Parameter Estimation of Chopper Resistor in Medium-Voltage-Direct-Current during Grid Fault Ride through

Abstract

Offshore wind farms with good wind quality are exponentially increasing. To take advantage of this, the offshore wind farms and the grid are connected using the MVDC. In the event of a grid fault, the traditional wind generators and the MVDC are disconnected from the grid fault to protect the devices. However, the wind generators and the MVDC must support the recovery of the grid fault because the disconnection of large capacity wind farms will cause a grid collapse. To prevent this problem, the LVRT requires maintaining the connection between the wind generators and the grid to contribute to the recovery of the grid fault. In this situation, the DC voltage of the MVDC rises due to the unbalanced power of the input and output. Several methods have been proposed to suppress the DC voltage rise of the MVDC. Among various methods, the CR is an effective method to suppress the DC voltage rise of the wind generators and the MVDC. However, the conventional CR designs only consider rated voltage and system capacity. Therefore, this paper proposes the parameter estimation of the CR considering the important factors. The proposed method is verified by PSCAD/EMTDC.

1. Introduction

The importance of wind as a renewable energy has further increased. The interest in offshore wind power is increasing significantly worldwide. The reason is that the potential wind speed is higher than onshore. Furthermore, the installation and noise problems have been solved using the offshore wind farms in Central European countries [1,2]. Meanwhile, the offshore wind farms and the grid that requires long distance transmission are connected using DC transmission [3].

The significant increase in the capacity of the wind generators has led to concerns about the grid stability. In particular, tripping in large capacity wind farms increases the risk of grid collapses. The tripping of the wind generators caused a power outage in Western Europe due to a 4892-MW loss [4]. In the event of a grid fault, the LVRT solves the grid collapse problem caused by the tripping of the wind generator. The LVRT specifies the connection between the wind generator and the grid according to the fault condition. Furthermore, the LVRT specifies the amount of reactive power for recovery of the grid fault [5,6,7,8]. When the offshore wind farm and the grid are connected with the MVDC, the reactive power output of the MVDC increases to the recovery of the grid fault. In this situation, depending on the converter characteristics, the active power output decreases and the DC voltage of the MVDC rises due to the unbalanced power of the DC link [9,10,11,12].

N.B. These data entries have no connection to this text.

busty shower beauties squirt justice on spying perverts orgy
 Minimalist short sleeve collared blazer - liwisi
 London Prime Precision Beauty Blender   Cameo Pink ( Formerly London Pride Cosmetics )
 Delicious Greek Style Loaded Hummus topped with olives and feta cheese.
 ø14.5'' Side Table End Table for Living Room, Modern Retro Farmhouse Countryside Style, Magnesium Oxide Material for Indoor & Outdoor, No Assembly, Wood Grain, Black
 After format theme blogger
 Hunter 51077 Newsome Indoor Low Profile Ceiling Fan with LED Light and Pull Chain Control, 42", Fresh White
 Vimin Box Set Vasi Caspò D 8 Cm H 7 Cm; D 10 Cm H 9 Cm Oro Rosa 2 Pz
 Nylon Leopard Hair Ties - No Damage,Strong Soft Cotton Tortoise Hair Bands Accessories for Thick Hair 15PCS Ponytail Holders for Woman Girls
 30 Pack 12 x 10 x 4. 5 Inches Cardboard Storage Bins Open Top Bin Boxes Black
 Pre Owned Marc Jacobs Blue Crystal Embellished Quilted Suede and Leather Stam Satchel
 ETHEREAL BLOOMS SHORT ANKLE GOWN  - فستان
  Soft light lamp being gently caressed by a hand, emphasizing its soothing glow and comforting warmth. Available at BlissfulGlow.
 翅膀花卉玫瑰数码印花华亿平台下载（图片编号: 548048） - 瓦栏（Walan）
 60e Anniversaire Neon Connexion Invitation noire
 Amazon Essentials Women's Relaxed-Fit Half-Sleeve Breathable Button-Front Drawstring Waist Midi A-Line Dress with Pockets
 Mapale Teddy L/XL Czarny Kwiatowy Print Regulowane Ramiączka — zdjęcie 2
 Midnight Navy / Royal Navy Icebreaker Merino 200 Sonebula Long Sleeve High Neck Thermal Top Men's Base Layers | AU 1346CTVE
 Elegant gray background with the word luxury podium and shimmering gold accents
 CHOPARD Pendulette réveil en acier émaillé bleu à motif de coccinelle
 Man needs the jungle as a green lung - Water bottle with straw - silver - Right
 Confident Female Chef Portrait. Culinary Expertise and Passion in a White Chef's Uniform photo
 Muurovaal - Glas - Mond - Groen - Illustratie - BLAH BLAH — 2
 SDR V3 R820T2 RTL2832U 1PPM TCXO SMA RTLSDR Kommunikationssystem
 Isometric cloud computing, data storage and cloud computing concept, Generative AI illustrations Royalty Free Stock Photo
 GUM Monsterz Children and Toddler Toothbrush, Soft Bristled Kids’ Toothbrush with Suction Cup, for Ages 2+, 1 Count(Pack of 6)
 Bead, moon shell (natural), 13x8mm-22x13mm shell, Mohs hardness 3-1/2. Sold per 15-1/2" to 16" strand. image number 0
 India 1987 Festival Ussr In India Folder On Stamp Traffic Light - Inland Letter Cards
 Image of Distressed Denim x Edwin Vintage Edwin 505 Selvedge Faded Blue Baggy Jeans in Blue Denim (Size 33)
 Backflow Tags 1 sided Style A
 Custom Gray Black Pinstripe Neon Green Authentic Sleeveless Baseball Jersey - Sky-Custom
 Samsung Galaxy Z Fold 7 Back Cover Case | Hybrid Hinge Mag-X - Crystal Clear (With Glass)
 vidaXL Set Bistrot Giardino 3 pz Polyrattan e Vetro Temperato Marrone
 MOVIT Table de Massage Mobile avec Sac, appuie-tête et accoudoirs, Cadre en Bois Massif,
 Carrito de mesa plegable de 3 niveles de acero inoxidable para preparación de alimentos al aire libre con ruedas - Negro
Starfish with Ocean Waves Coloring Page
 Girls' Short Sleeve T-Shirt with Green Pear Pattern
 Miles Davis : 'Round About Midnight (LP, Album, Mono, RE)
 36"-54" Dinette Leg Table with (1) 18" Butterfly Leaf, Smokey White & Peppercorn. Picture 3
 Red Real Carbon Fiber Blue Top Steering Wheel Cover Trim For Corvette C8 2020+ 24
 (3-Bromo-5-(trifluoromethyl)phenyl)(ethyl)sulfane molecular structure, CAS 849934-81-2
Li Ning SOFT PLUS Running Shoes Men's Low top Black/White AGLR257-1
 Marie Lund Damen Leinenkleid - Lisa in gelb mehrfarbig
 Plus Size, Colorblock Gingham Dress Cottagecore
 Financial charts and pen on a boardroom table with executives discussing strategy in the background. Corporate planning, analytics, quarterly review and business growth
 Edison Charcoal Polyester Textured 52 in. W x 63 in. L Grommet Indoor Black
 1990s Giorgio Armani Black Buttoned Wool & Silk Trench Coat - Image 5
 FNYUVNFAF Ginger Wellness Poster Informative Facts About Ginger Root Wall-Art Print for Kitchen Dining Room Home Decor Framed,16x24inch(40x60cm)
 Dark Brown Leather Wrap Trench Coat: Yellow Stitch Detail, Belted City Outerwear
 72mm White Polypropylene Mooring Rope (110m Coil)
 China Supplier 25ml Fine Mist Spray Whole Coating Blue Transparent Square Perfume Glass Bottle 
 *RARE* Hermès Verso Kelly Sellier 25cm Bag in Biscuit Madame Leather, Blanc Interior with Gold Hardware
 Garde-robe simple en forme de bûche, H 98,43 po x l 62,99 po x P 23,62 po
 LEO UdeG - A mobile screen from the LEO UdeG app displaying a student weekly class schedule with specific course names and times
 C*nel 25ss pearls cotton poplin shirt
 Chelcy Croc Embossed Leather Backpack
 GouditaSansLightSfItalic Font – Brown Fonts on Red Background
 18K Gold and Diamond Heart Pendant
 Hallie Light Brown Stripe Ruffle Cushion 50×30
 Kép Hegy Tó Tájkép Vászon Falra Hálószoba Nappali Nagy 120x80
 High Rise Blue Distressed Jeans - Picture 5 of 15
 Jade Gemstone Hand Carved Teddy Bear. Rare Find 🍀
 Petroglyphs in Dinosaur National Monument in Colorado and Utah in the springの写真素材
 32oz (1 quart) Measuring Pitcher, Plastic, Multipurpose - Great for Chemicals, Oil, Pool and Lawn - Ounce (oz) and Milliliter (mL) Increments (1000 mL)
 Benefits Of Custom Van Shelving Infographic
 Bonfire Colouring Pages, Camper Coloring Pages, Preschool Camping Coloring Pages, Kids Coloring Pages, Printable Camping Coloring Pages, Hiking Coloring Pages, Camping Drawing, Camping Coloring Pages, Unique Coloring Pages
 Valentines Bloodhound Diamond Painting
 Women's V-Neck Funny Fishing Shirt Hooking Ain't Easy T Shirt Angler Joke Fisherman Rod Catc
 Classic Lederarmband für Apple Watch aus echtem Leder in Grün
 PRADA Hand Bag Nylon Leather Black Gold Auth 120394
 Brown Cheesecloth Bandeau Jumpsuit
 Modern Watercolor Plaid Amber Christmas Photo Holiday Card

The method to suppress the DC voltage rise of the MVDC is wind generator control and the CR. The wind generator controller in Figure 1 consists of three control loops such as the pitch controller, generator controller, and grid side controller. The pitch controller is activated to limit the rotor speed in high wind speeds. The generator controller moves the operating point for MPPT. The grid side controller adjusts the active power to maintain the DC voltage of the wind generator. Thus, when the DC voltage of the MVDC rises due to the grid fault, the output power of the wind generators is reduced to suppress the DC voltage of the MVDC. However, while wind generators are operating, the reduction performance of the output power is limited. The accumulated energy is converted into kinetic energy, which increases the rotor speed and the DC voltage of the wind generators. Furthermore, the communication delay (typical 10 ms) causes a higher DC voltage rise than the ideal situation and a larger problem if not properly communicated [13,14,15].

An alternative method to maintaining the DC voltage of the MVDC below the threshold during the grid fault is to dissipate the accumulated power as heat. The CR in Figure 2 is linked to the DC link of the MVDC to dissipate the accumulated power during the grid fault [16,17,18,19].

The CR is more effective at the suppression of the MVDC link voltage compared to other methods. Furthermore, the CR is safe from problems of the communication delay because it is independent of the communication. However, the conventional CR only considers the system capacity and rated voltage. The DC voltage peak, current flowing in the CR, and settling time are not considered. If the current flowing in the CR is high, the cost is increased due to the necessity of the additional cooling device. In particular, the cost issue with regard to using external devices such as the CR is one of the important factors. The DC voltage peaks and settling time are important issues with regard to the system stability during the fault.

This paper proposes the parameter estimation of the CR considering the important factors. Section 2 describes the MVDC, the LVRT, and the CR. Section 3 describes the penalty method for estimating the parameter on the CR. Section 4 verifies the proposed method through simulation. Section 5 is the conclusion of this paper.

2. Simulation Modeling

2.1. The MVDC for Offshore Wind Farms

DC transmission has the advantage of asynchronous coupling and loss reduction, as well as a lower insulation level. The DC transmission systems have been classified into VSC and LCC according to the power device type. The VSC-MVDC is suitable for offshore wind farms because it does not require an additional reactive power compensation device and requires only a small installation area [20,21]. Figure 3 shows the configuration of the MVDC for the offshore wind farm. The MVDC is connected to the offshore wind farms through the WSC and to the grid through the GSC.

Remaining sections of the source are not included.